◆ **TASK ITEM**: Nothing in the listing may be skipped; repeat it all exactly.

___ DATASET EXCERPTS

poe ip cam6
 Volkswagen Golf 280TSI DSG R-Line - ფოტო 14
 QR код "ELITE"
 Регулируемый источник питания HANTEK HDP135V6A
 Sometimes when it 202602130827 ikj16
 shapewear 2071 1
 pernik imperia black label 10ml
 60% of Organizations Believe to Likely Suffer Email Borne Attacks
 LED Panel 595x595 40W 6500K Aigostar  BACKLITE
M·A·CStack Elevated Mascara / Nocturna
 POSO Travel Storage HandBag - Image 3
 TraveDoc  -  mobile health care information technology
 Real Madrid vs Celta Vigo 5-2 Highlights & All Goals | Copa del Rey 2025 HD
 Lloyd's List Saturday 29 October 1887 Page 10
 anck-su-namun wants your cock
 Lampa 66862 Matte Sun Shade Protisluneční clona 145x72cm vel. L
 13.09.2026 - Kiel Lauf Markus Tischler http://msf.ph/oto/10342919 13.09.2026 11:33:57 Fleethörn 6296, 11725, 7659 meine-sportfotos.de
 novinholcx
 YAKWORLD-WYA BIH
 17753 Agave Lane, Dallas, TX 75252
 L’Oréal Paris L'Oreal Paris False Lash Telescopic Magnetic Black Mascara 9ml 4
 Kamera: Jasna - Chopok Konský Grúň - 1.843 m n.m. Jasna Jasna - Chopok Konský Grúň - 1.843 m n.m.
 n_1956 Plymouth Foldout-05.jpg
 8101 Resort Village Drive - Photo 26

______

◆ **OUTPUT FOR THIS TASK**:
poe ip cam6
 Volkswagen Golf 280TSI DSG R-Line - ფოტო 14
 QR код "ELITE"
 Регулируемый источник питания HANTEK HDP135V6A
 Sometimes when it 202602130827 ikj16
 shapewear 2071 1
 pernik imperia black label 10ml
 60% of Organizations Believe to Likely Suffer Email Borne Attacks
 LED Panel 595x595 40W 6500K Aigostar  BACKLITE
M·A·CStack Elevated Mascara / Nocturna
 POSO Travel Storage HandBag - Image 3
 TraveDoc  -  mobile health care information technology
 Real Madrid vs Celta Vigo 5-2 Highlights & All Goals | Copa del Rey 2025 HD
 Lloyd's List Saturday 29 October 1887 Page 10
 anck-su-namun wants your cock
 Lampa 66862 Matte Sun Shade Protisluneční clona 145x72cm vel. L
 13.09.2026 - Kiel Lauf Markus Tischler http://msf.ph/oto/10342919 13.09.2026 11:33:57 Fleethörn 6296, 11725, 7659 meine-sportfotos.de
 novinholcx
 YAKWORLD-WYA BIH
 17753 Agave Lane, Dallas, TX 75252
 L’Oréal Paris L'Oreal Paris False Lash Telescopic Magnetic Black Mascara 9ml 4
 Kamera: Jasna - Chopok Konský Grúň - 1.843 m n.m. Jasna Jasna - Chopok Konský Grúň - 1.843 m n.m.
 n_1956 Plymouth Foldout-05.jpg
 8101 Resort Village Drive - Photo 26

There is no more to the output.